Una sola cosa es necesario: salvar el alma. Poco importa todo lo demás. Imitemos a los Santos. A su alrededor todos gritan: “Queremos la tierra”. Sólo ellos exclaman: “Queremos el Cielo”.
Un sacerdote suplicaba a un joven que volviera a la obediencia de sus padres y a las prácticas de la religión. El desgraciado inclinó la cabeza, y con voz confusa exclamó: “Quisiera ser perro”. “¿Qué dices? Replicó espantado el sacerdote. “Si fuese perro, haría el mal a mi gusto, sin remordimiento”
¡Cuánta razón tenía este desgraciado muchacho! La conciencia deja oír su voz. Es preciso sofocarla. El muchacho sabía que el espíritu del perro no sobrevive. También el joven hubiera querido que su alma hubiera desaparecido con la muerte del cuerpo.

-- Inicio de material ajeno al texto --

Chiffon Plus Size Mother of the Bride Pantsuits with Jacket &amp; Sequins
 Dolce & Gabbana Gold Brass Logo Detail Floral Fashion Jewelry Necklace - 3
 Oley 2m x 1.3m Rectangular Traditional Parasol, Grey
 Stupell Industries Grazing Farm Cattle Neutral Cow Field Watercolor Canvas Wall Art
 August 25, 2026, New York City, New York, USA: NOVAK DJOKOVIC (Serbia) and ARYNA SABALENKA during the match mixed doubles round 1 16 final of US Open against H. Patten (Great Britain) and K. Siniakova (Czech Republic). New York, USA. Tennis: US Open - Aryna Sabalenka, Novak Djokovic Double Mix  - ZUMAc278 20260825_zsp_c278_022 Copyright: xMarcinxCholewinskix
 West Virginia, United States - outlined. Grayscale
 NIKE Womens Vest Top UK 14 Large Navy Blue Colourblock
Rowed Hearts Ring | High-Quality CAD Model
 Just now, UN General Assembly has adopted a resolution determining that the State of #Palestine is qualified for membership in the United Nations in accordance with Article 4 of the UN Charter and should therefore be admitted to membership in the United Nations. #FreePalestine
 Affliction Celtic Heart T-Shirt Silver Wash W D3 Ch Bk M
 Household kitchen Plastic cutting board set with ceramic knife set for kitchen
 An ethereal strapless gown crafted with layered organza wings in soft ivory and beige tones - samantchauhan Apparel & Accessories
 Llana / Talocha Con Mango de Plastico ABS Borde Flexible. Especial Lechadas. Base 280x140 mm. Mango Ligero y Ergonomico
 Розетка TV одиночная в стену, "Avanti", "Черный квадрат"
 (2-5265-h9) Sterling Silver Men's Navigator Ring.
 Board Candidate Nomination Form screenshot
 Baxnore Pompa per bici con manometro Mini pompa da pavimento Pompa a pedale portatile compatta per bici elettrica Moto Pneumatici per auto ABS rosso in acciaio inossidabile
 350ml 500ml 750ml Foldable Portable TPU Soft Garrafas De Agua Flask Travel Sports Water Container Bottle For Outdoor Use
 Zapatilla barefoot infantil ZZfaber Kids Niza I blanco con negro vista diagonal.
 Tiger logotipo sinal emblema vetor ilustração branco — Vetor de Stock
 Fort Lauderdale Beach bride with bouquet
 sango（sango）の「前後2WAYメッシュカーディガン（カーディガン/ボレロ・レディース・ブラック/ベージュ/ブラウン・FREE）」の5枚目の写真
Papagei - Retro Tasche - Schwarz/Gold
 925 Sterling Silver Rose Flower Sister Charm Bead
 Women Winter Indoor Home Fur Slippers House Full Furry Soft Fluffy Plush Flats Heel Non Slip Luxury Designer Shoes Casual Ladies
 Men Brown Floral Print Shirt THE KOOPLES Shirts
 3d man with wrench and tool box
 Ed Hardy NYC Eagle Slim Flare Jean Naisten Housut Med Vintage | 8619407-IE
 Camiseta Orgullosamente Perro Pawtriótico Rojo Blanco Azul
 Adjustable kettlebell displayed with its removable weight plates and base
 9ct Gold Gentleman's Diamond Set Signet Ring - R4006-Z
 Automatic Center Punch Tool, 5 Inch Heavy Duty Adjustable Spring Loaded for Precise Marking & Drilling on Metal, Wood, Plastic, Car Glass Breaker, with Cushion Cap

Pero no es honesto ni se nos permite engañarnos: tenemos un alma inmortal que, al morir, permanecerá o para la gloria o para confusión sempiterna.
Sabemos que esta doctrina choca contra las enseñanzas materialistas que impregnan toda la Tierra. Todo se contrae al bienestar corporal. A vivir que son dos días…Hoy, a diferencia de los grandes pensadores medievales, nadie recomienda la lectura del Kempis centrado en el alma. Hoy rezamos para la ecología, para la protección de los animales…Y ¿las almas? “Bah, contesta un entendido, de las almas ya se ocupa Dios. Nosotros los hombres debemos ocuparnos de la Tierra. A cada uno lo suyo…”
Lo dudo. No creo que la Iglesia católica fundada por el Espíritu Santo con los mimbres que dejó Jesús, Hijo de Dios, haya estado errada durante veinte siglos.